The era of Initial Coin Offerings

The IPO of the decentralized future

ICO is the buzzword of the year 2017. Similar to the phrase “Startup Unicorn” it rapidly found its way to startup pop culture. (Check out this YouTube link.)

At many blockchain and cryptocurrency related events i have presented, I repeatedly encountered the question ‘have you invested in an ICO’. This supersedes the ‘do you own bitcoin’ question, which largely dominated throughout the years 2012-2016. People who now own Bitcoin or Ether have at least heard about ICOs and marketing credit as well, as ICOs have become big business, with currently 3108 ICOs from 338 different countries listed on the website icobench.com as of May 2018 alone. This does not include other forms of crowdsales or cryptocurrency projects which did not undergo the ‘traditional’ way of Initial Coin Offering.

Investors who formerly didn’t voice an opinion on Bitcoin in order to not risk their reputation now have crypto-assets in their portfolio. The Rockefellers recently joined Rothschilds & Soros, just to name a few prominent cryptocurrency ‘investors’. The perception of the general public that cryptocurrency and crypto assets are only for dark markets and illicit use is largely replaced by a hype which is largely dubbed ‘investment’, while it can be more seen as high-risk venture capital.

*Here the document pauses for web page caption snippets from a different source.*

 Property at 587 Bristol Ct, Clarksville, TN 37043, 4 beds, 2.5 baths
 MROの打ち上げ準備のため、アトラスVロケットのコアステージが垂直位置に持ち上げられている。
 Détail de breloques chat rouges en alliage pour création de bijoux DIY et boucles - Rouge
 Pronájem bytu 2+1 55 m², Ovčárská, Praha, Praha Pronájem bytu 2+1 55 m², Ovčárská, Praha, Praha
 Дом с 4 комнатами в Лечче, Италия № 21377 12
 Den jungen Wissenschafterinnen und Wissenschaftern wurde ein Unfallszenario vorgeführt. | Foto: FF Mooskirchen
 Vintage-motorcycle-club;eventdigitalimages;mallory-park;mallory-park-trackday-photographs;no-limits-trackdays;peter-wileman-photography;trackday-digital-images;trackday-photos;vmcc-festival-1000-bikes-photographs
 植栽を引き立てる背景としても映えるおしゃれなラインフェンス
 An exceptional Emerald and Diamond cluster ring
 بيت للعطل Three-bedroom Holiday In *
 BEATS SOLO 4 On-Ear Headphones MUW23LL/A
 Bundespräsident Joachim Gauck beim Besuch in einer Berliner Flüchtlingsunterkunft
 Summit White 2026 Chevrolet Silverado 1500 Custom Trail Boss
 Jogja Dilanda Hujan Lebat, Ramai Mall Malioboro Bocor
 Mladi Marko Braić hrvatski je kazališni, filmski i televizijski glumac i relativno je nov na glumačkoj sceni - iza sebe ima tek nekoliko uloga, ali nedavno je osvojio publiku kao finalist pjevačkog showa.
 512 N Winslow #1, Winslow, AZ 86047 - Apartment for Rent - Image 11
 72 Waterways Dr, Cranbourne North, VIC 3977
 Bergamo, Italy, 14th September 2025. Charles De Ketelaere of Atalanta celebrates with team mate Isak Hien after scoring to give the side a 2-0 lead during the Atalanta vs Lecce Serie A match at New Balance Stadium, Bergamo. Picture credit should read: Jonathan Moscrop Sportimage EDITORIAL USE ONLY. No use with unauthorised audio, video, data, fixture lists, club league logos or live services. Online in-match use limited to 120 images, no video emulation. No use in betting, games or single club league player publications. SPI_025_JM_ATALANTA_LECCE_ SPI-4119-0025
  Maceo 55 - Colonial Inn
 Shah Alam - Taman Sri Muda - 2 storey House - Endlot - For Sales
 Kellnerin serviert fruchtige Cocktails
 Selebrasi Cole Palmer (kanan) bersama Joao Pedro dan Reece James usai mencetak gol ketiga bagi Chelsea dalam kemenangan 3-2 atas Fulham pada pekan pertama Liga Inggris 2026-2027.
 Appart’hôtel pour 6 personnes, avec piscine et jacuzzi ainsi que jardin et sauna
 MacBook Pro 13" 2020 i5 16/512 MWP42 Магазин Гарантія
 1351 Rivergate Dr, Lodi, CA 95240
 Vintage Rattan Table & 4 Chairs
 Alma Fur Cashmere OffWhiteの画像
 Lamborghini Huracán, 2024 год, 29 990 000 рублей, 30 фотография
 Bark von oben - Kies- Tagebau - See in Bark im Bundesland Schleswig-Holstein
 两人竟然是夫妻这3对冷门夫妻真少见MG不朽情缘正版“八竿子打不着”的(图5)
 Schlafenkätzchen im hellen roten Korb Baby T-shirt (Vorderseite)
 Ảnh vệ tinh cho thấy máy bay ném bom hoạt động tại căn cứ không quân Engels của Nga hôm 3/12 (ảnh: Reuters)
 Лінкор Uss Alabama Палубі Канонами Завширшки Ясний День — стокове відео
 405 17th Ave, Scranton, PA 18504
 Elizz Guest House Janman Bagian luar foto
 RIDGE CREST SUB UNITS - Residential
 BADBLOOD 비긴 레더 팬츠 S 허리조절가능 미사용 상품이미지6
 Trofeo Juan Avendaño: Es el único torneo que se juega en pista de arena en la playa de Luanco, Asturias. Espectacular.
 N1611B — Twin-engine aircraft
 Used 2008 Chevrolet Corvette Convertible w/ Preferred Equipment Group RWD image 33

Examples such as Request Network and Quantstamp (both of which are ICO startups from the prestigious ycombinator startup incubator), are pointing to the fact, that traditional venture capital is undergoing a transition, introduced through novel crowdsale models based on cryptocurrency and the blockchain. Early Bitcoin-based ventures, which took a Bitcoin maximalist stance, changed their minds and jumped on the tokenization bandwagon, on the example of 21.co, an early startup who “opted to move away from the increasingly popular ICO model because it’s looking to build engagement, not raise funds” (source: techcrunch).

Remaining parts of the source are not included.